如今的糙米大概六文钱一斤,大米稍微倒是贵一些,一斤可以卖到十二文左右。傅晨风赚到钱就立马改道儿去了村长家,村长家富庶,每年都有余粮,谁家粮食有个差漏,第一个想到的卖家就是村长家了。
傅成风按市场价买了二十斤糙米,十斤大大米,就一下子花去了二百四十文。不过,钱嘛,就是赚来花的,有了这些米粮,接下来几天总算能吃饱了。
穿越到古代的第二天,傅晨风终于吃到了一口正常的饭菜,这也是五年多以来吃过的最可口的饭菜。昨晚傅晨风返回家的时候,刘氏已经烤好了两盘子土豆,大晚上的,点灯费油,便就又凑活了一顿。
好在,今天一早刘氏就起床做了一顿相较而言算是丰盛的早餐,一锅糙米粥,一盘炒青菜,一盘炒鸡蛋外加一碟子泡椒竹笋。
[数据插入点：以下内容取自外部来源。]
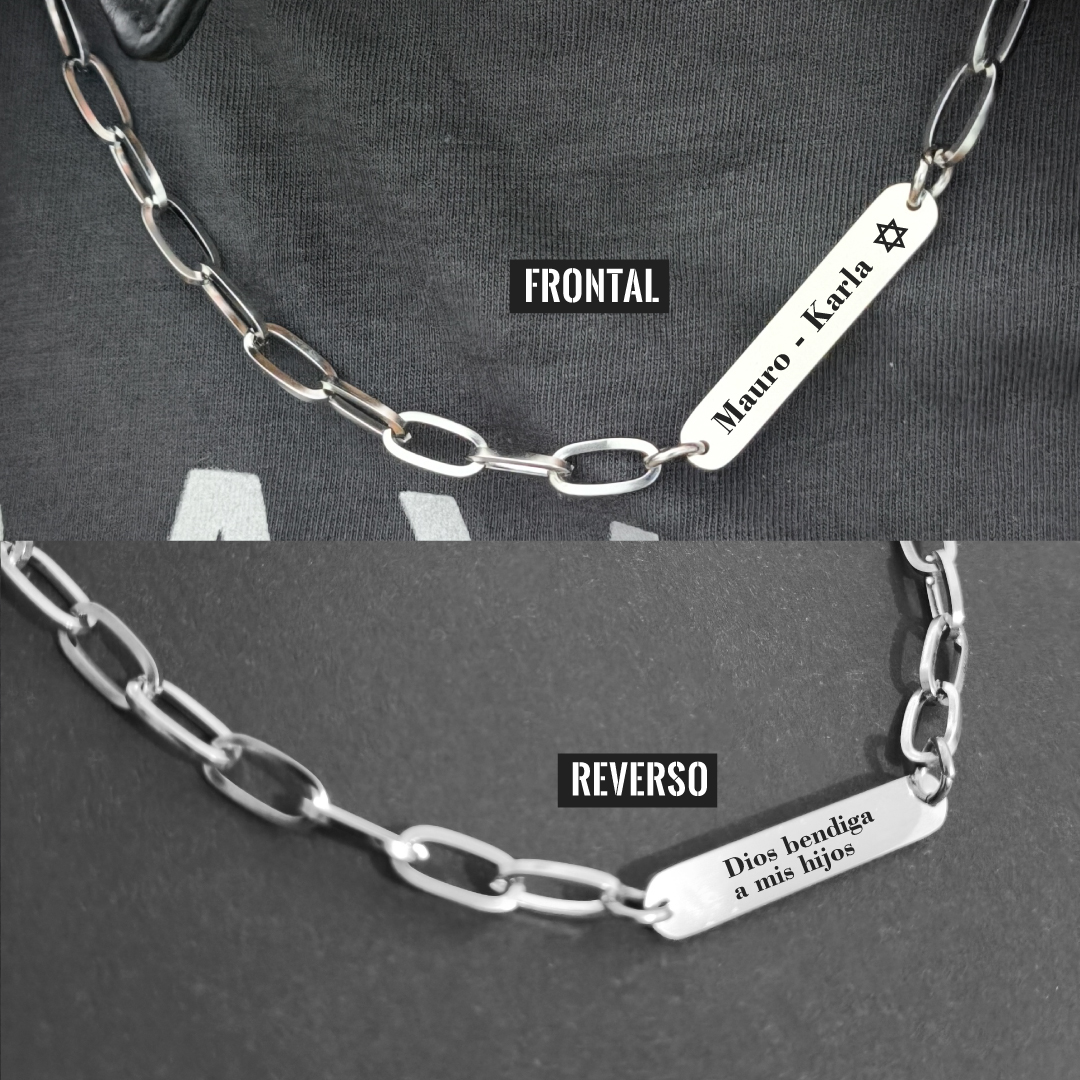 Collar Label Acero Inoxidable – Colección Personalizados - Imagen 3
傅晨风大快朵颐,接连炫了两大海碗浓稠的米粥,那食量可不像个刚大病初愈的人。这大食量看得老两口直乐,悬着的心也放了下来。
刘氏昨天见自家儿子又是背人,又是背柴的,心里担心得不行。还趁着李佼兮没注意的空档儿,揪着自家儿子上上下下检查了一番。在傅晨风再三的保证下,傅氏才暂时按耐住心中的忧虑。如今看儿子能吃能睡的,精神头儿也足,便也安心了。
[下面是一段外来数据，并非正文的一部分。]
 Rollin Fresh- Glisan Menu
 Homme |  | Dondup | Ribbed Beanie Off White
吃过早饭,傅晨风想和傅老爹一起下地干活的,但老两口说什么都不同意。觉着自家儿子堂堂一个秀才郎,下地干活会丢了读书人的面子。再者说,自家儿子从未下过地,连秧苗和稗子都分不清,下了田也做不了什么。
傅晨风倒是不在意什么读书人的面子,毕竟以后他只想做一个闲散的农家翁。“爹娘,我如今遭同窗陷害而被学院除名,对读书一途已是心灰意冷,今后便不再想科举一事。而我本为农家子,农桑活计乃是根本,下地去学习一番也是应当的。”
“这怎么可以,我儿岂是一般农家子,你可是……”
“老婆子!”刘氏话还没说完,便被傅老爹呵斥住了。
可是?可是什么?傅晨风见状便觉着事情不简单,但看刘氏突然哽住,头歪到一边闭言不谈的态度,而傅老爹一副眼神躲闪的样子,他就知道问不出什么结果。按捺住心中的疑惑,傅晨风扛着锄头,直接走在了傅老爹的前头。
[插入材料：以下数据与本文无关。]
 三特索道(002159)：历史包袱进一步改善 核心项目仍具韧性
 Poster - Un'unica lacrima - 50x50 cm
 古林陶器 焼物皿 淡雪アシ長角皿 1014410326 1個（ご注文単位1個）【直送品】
傅家的水田只有五亩,秧苗早已插完。按照往年的进度,如今的玉米也该种完了才是。但因傅晨风的病情,地里就全靠傅老爹打理,因此玉米还有大半的玉米地没种完。
傅家的玉米采用的是育苗移栽法种植的,先是将种子密集的洒在掺了肥后拢起的松软禾床上,再铺上稻草保暖,一般七到十天左右就能发芽出苗。
如今已经到了移栽阶段,傅老爹在前面挖坑,刘氏在中间将玉米苗放进坑里,而傅晨风则负责给玉米苗的根盖上土。
土埂旁的大树下垫了一张竹席,席子上铺着厚实软和的小棉被,团团正躺在上面呼呼大睡。傅晨风本想让刘氏留在家里带团团就可以了,但刘氏始终不放心自己家儿子,硬是带着团团跟来了。
虽说农家孩子基本上都是这样长大的,大人在地里劳作,小孩在一旁自己玩,但看着蜷缩在树下的身影,傅晨风心里还是有些心疼。
三人协作,速度就是快了许多,不到半天,眼见一亩地就要种满了。临到中午,刘氏带着团团回家做饭去了,父子俩仍旧留在坡上,还有两亩地就种完了,抓点紧,今天没准能干完。
桉树村刘家院子里,刘小茹正在绣花。
“小茹,为娘上次跟你说的事儿你考虑得咋样?”刘小茹的娘马氏端着一篮子野菜,放下小板凳就坐在了刘小茹的身边,悄摸地问。
刘小茹停下手中的针线活,转过身,紧皱着眉头,迟疑地说:“娘,这样做会不会不太好。”
“不太好?”马氏放下手中的野菜,没好气儿道:“有什么不太好的,那傅秀才已经不中用了!”
“娘,您别这么说,表哥还好着呢。”就算是自家亲娘,刘小茹也见不得她诋毁傅秀才。
“你还当我骗你不成,现在整个山水村谁不知道,那傅秀才读不成书了,今儿都开始下地干活了呢。”马氏撇撇嘴,很是不屑。
马氏和刘氏不和,加之傅家又穷,当年傅秀才求娶刘小茹时她原是不答应的。但后来听刘小茹说那傅秀才是什么头几名,每月有两贯的月俸呢。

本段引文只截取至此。